What is the difference between hardware acceleration in JavaFX versus 
Swing/AWT? I heard a while back someone claim that Swing/AWT could never fully 
leverage hardware acceleration. However there are the usual mix of -D 
parameters (sun.java2.opengl/sun.java2d.d3d, etc.) for Swing/AWT. So I am just 
wondering how JavaFX’s acceleration differs from the hardware acceleration in 
Swing. When I was giving a talk at a JUG meeting someone called me out on the 
hardware acceleration bit and I realized I didn’t fully understand the 
differences between the two.

 I understand that JavaFX has a scene graph and Swing doesn’t etc.
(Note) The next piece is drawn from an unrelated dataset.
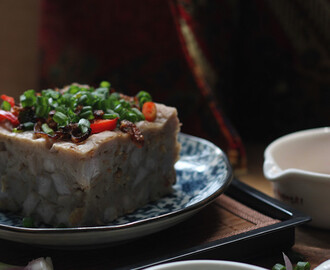 最佳食谱#12， 点心 （饮茶咯！）蒸芋头糕 【29】（BREE#12~Dim Sum， Steamed Taro Cake)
So I am 
assuming that the scene graph operations are optimized on the GPU whereas if 
you were trying to replicate a scene graph in Swing you would obviously be 
doing all the work on the CPU. So Swing’s hardware acceleration is more about 
buffers?

 I did come across this article:
https://weblogs.java.net/blog/opinali/archive/2010/05/03/first-long-look-javafx-13-and-prism
 Specifically this line caught my attention "Prism finally renders effects with 
full hardware acceleration and without the extra buffer copies that spoil 
effects on the Swing toolkit.” 
 This article is a dated - brings up a second question about hardware 
acceleration with a hybrid Swing/JavaFX application - what happens?